Doctorate student develops more effective method to diagnose sepsis
A UTD Ph.D. candidate is working on a project that helps doctors assess patients for sepsis, an immune system reaction to infections.
According to the World Health Organization, sepsis affected around 49 million people and resulted in almost 11 million deaths globally in 2017 alone. Ambalika Tanak – a biomedical engineering Ph.D. candidate – said that she and her team were initially inspired by the global demand for their device.
“In developing countries, trying to identify conditions like sepsis is also very tricky,” Tanak said. “Everybody can react in a different way to a different type of infection, and this challenge is driving me today.”
A biomolecule is a type of substance or signal that indicates the presence of a disease or any medical internal state. Therefore, the more biomolecules or signals a device can detect, the more accurate it is.
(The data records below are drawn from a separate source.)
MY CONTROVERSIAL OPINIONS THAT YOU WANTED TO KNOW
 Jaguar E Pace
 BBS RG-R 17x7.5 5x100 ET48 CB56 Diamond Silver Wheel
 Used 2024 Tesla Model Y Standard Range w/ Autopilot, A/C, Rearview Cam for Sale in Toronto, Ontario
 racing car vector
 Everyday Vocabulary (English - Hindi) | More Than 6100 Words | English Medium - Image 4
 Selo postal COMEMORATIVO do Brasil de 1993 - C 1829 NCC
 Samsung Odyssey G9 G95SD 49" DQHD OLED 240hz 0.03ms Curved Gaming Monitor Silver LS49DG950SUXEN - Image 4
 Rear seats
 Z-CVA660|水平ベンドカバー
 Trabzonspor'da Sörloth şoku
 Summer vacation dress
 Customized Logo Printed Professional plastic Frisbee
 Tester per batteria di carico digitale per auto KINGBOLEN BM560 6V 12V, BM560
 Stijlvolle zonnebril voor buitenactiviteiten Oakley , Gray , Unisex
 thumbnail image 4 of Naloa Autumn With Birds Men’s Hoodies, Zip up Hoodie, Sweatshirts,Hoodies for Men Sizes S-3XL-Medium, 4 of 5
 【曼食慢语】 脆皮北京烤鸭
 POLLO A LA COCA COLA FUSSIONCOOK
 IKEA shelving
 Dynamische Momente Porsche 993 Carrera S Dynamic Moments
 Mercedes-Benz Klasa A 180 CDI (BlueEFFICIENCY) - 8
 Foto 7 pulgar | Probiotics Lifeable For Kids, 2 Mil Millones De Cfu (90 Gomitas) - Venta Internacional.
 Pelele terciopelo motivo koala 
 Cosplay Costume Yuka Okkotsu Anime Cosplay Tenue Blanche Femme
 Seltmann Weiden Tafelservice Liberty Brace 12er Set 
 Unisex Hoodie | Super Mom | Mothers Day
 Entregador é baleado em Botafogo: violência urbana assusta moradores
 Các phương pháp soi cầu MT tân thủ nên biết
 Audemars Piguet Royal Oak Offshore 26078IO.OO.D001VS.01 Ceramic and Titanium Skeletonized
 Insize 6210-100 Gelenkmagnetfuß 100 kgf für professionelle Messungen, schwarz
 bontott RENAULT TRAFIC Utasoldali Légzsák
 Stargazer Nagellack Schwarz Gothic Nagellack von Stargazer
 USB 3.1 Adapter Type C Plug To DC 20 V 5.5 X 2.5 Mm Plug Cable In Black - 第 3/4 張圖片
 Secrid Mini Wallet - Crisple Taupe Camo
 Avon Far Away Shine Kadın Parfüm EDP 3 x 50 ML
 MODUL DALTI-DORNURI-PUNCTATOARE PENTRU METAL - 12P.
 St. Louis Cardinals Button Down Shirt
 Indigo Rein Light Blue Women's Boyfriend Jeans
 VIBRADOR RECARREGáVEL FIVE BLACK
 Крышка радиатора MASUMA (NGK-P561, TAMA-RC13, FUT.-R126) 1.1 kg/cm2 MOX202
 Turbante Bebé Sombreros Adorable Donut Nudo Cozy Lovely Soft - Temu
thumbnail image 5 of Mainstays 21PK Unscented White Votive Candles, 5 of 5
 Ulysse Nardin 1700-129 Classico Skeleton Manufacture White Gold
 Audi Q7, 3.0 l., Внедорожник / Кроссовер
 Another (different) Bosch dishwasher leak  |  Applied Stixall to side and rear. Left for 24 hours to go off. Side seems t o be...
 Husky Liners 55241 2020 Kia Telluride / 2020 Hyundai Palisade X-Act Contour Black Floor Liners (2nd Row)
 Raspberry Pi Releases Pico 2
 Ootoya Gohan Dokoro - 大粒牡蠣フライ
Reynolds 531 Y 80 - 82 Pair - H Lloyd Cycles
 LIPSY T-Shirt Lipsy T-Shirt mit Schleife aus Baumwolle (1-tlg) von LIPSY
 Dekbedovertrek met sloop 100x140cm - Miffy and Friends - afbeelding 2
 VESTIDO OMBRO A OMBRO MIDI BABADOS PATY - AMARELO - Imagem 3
“You can look at it like glucose measurements for diabetes; it’s a similar analogy,” Tanak said. “The increase in the levels and the decrease in the levels reflect which state the sepsis is in. The symptoms are quite similar to that of chills, fever and confusion; not many hospitals and not many treatment plans include sepsis as one of the complications.”
Sepsis leads to organ damage within hours of infection, often due to a misdiagnosis and no rapid testing. The biosensing device designed by Tanak and her team was made to detect sepsis at an earlier time point, cutting down on the analysis and diagnosis period to try and give a rapid estimation of what is actually happening in the patient.
A drop of blood plasma on her team’s biomedical penny-sized sensor, said Tanak, would give a physician or nurse information about particular biomolecules that may be within the body. That information is then displayed within minutes on an app that will be a part of the end application purpose for the sensor.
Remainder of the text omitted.